WHAT THE EXERCISE ASKS. Only the pictures stay out; please return all the entries below exactly as written.

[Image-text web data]
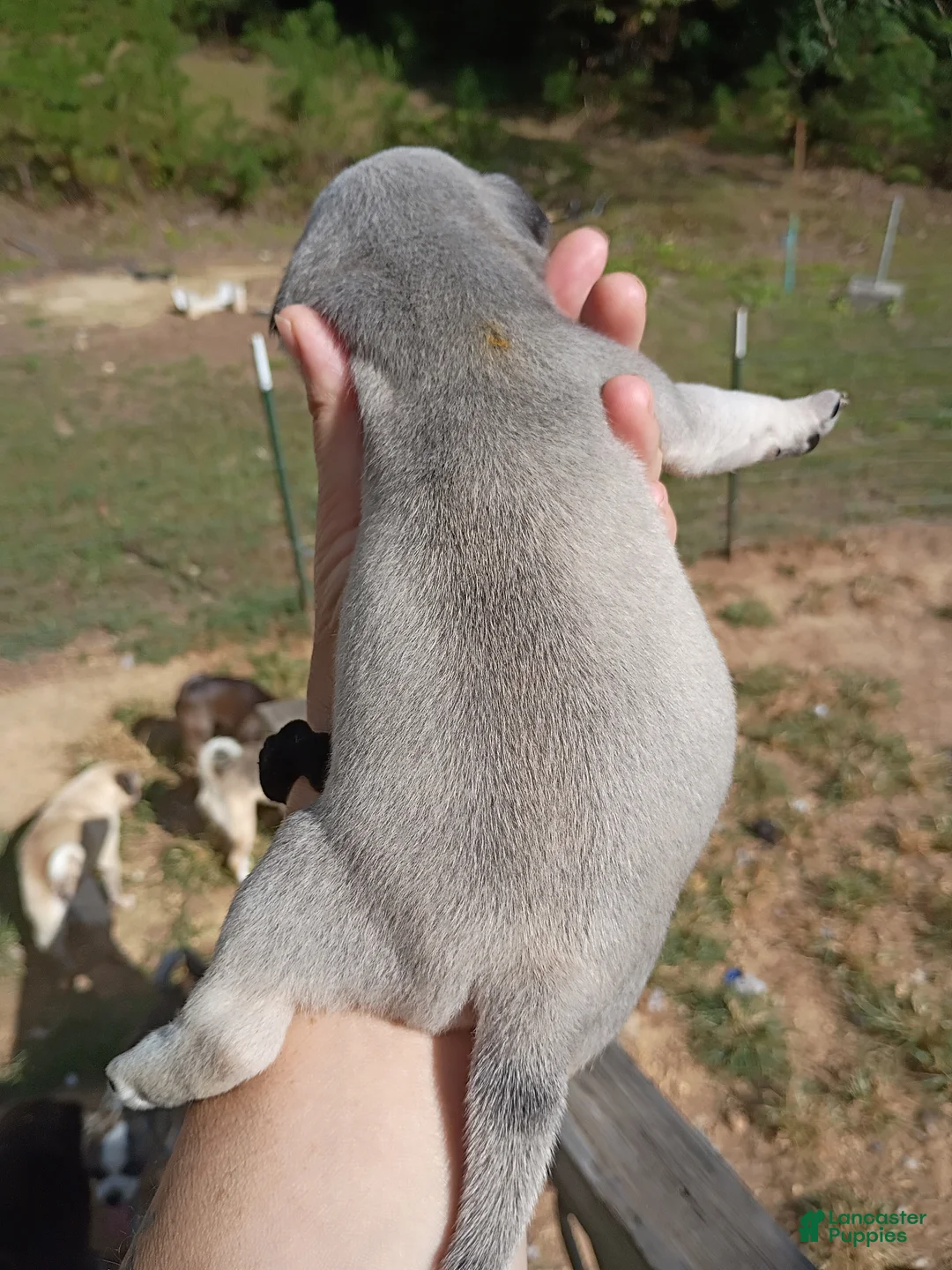 Pug dogs for sale: Ortho - Ad 2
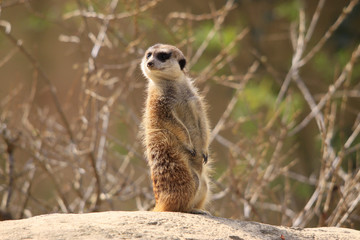 Erdmännchen als Wachposten, Suricata suricatta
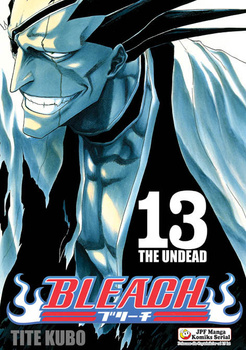 Bleach 13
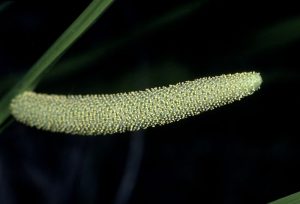 kalmoes acorus calamus bloem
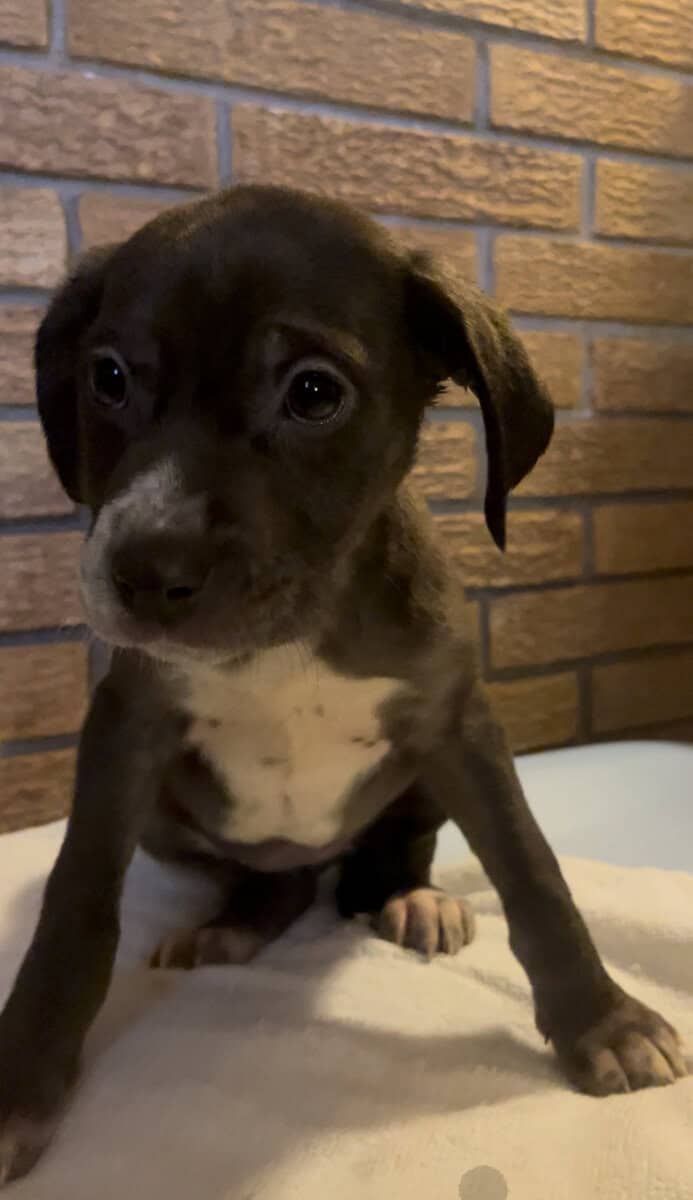 Dane/Dal mix puppies image 2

EXPECTED OUTPUT.
 Pug dogs for sale: Ortho - Ad 2
 Erdmännchen als Wachposten, Suricata suricatta
 Bleach 13
 kalmoes acorus calamus bloem
 Dane/Dal mix puppies image 2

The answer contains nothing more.